LeBlanc's docket was fully booked for the balance of 2023, including five jury trials, DeWare told CBC.

"All of these jury trials have had to be reassigned to other judges whose schedules for 2023 were, as well, already fully booked."

"In order to ensure that priority matters are heard, it will be necessary to draw justices from across the province." DeWare wrote in the memo.

"Therefore, while individual judicial districts may not be affected by the judicial vacancies or increased jury trials, they will nonetheless be impacted as resources will be needed from these judicial districts to address urgent matters in other judicial districts."

Settlement conferences over small claims

To make room on the dockets for "pressing matters," and allocate available resources as efficiently as possible, the Court of Queen's Bench is also suspending the hearing of first instance appeals under the Small Claims Act for the balance of 2022, DeWare advised in a follow-up memo, dated June 14.

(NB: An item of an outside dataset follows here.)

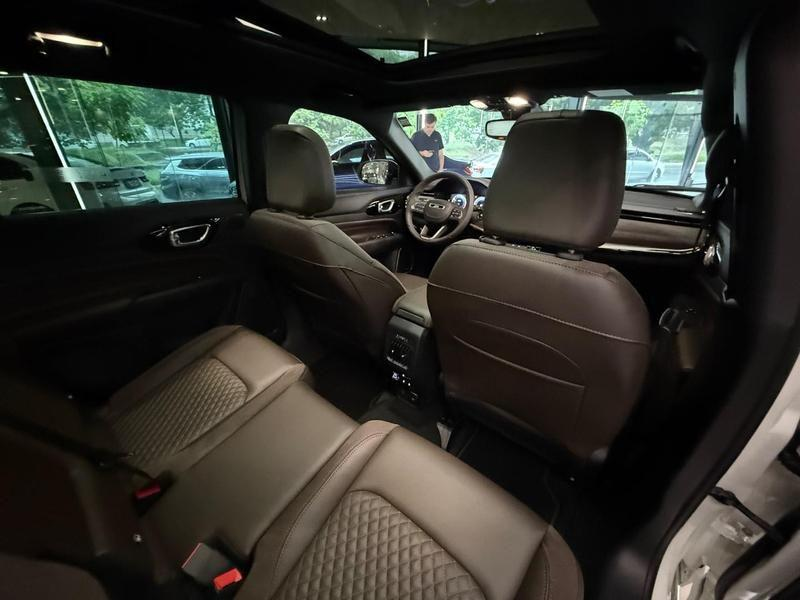 Foto do veículo JEEP COMMANDER  OVR TD380 2023 18.854 KM 169.000,00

Dates previously assigned for these appeals will be "reallocated" and used for settlement conferences in the trial and family divisions.

"It is hoped that these additional settlement conference days can assist in resolving matters from the civil dockets that may otherwise be adjourned to accommodate priority matters or scheduled months down the road," wrote DeWare.

"It is my hope that by the end of 2022 we will have the benefit of a full judiciary complement and will reinstate the hearing of matters pursuant to the Small Claims Act in January of 2023," she added.